_TRY IT_
Please write out exactly the lines from the one with "拼多多最新实战运营高投产：长久稳定项目，单店利润一天三位数-阿鬼" through the end of the data below, both ends included, and omit any pictures.
▬▬▬
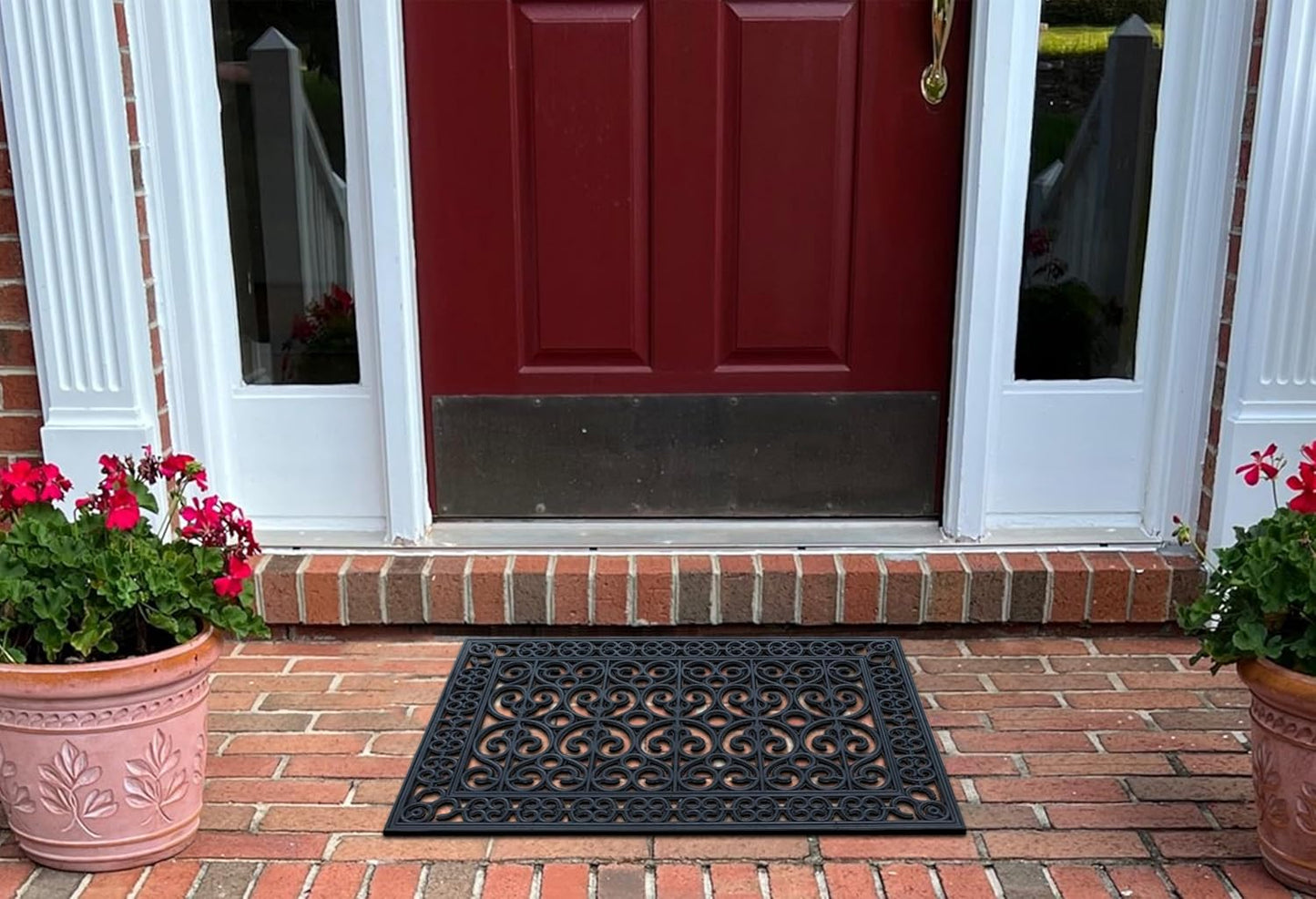 A1HC Large Outdoor Rubber Floor Mat, 24"X36”, All Weather Heavy Duty Doormat for Indoor Outdoor Use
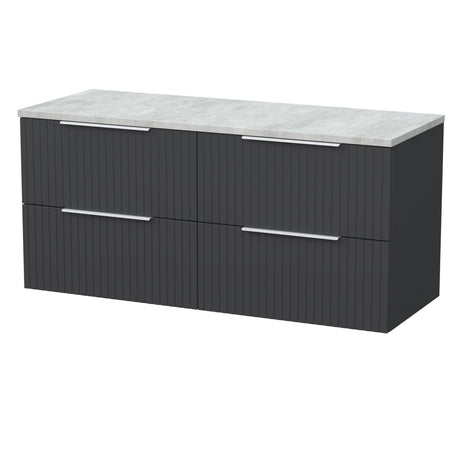 [BFLF1424LBG2] Callingwood Contemporary Wall Hung 4 Drawer 1200mm Vanity Unit with Bellato Grey Laminate Worktop, Choice of Colour - Cutout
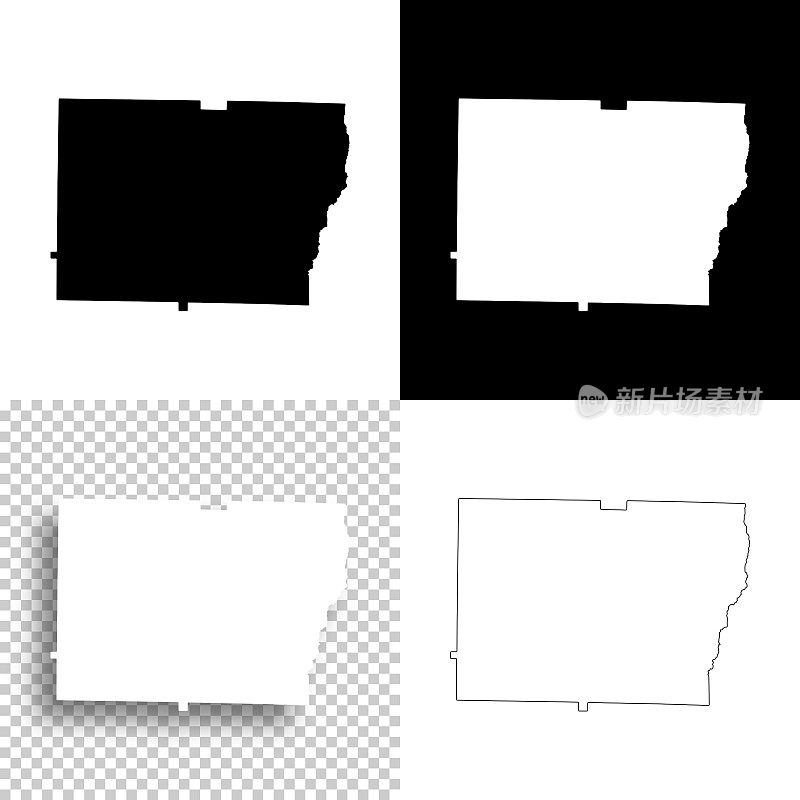 科尔奎特县，乔治亚州。设计地图。空白，白色和黑色背景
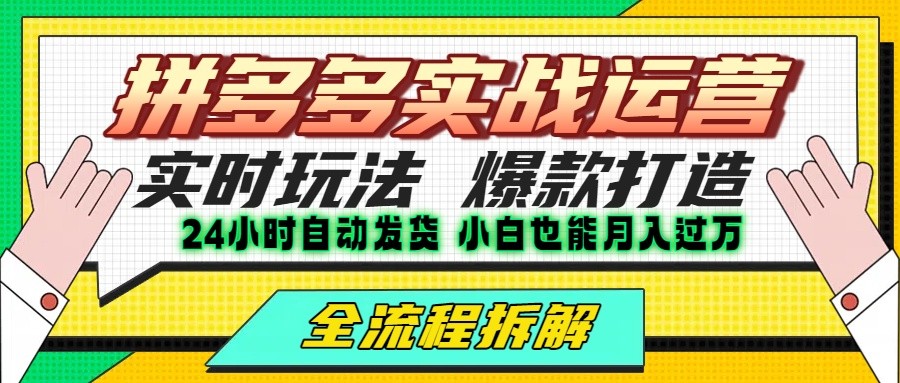 拼多多最新实战运营高投产：长久稳定项目，单店利润一天三位数-阿鬼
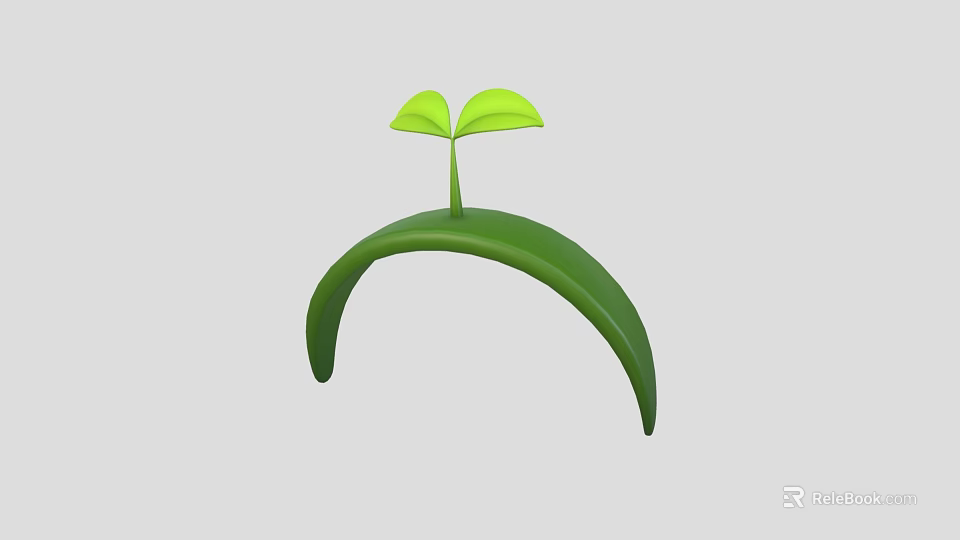 Green Seedling With Arch Shaped Base And Two Fresh Leaves 3d model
▬▬▬
_OUTPUT FOR THIS TASK_
 拼多多最新实战运营高投产：长久稳定项目，单店利润一天三位数-阿鬼
 Green Seedling With Arch Shaped Base And Two Fresh Leaves 3d model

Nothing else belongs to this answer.